#### [Your instructions]
In the copy, include every entry exactly but none of its images.

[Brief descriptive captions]
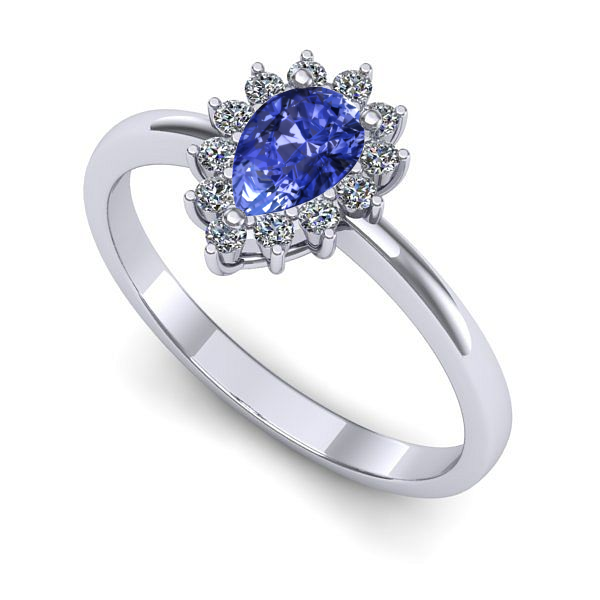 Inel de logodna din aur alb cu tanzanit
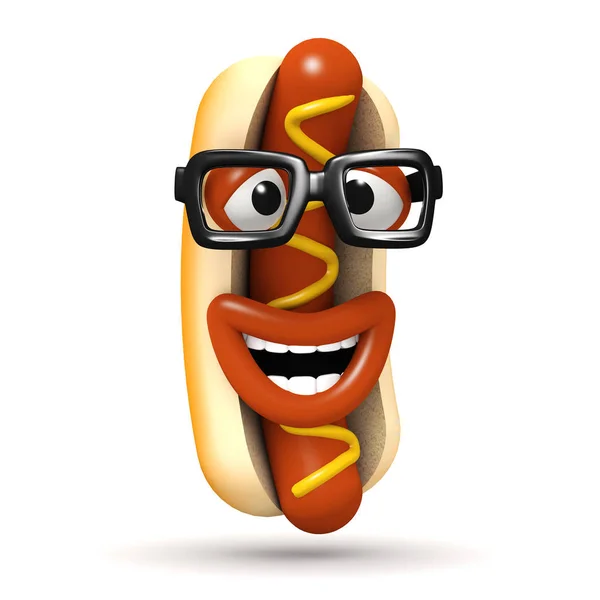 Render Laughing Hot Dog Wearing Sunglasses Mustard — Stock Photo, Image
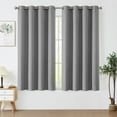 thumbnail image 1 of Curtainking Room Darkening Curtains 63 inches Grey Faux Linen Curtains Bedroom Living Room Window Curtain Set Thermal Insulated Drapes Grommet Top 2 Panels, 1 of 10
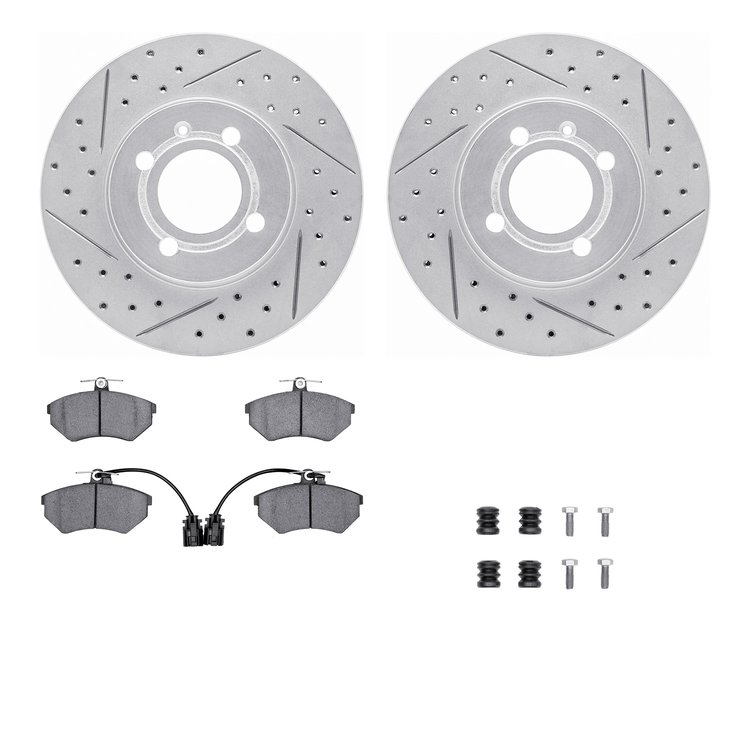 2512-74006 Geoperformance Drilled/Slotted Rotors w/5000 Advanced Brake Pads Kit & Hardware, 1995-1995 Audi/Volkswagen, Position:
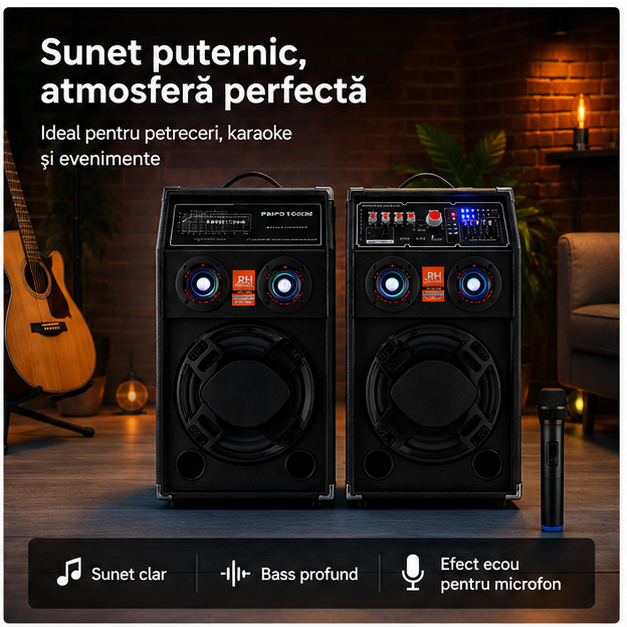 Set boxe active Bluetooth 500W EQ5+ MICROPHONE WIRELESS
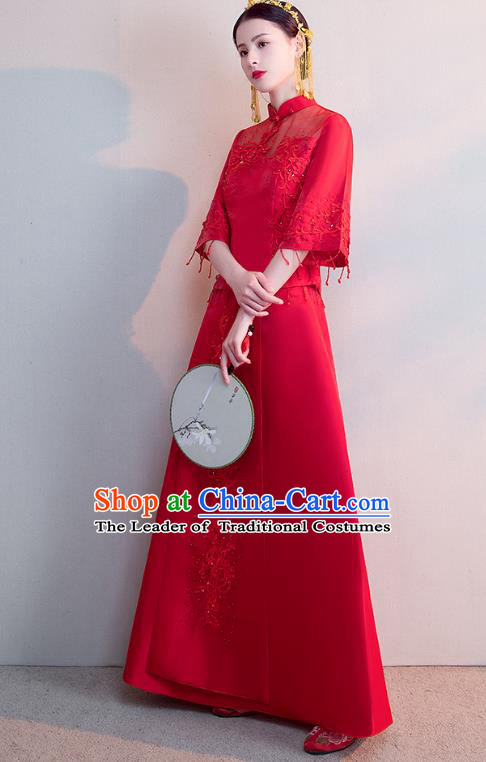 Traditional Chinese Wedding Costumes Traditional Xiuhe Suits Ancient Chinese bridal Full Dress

#### [Answer to this exercise]
 Inel de logodna din aur alb cu tanzanit
 Render Laughing Hot Dog Wearing Sunglasses Mustard — Stock Photo, Image
 thumbnail image 1 of Curtainking Room Darkening Curtains 63 inches Grey Faux Linen Curtains Bedroom Living Room Window Curtain Set Thermal Insulated Drapes Grommet Top 2 Panels, 1 of 10
 2512-74006 Geoperformance Drilled/Slotted Rotors w/5000 Advanced Brake Pads Kit & Hardware, 1995-1995 Audi/Volkswagen, Position:
 Set boxe active Bluetooth 500W EQ5+ MICROPHONE WIRELESS
 Traditional Chinese Wedding Costumes Traditional Xiuhe Suits Ancient Chinese bridal Full Dress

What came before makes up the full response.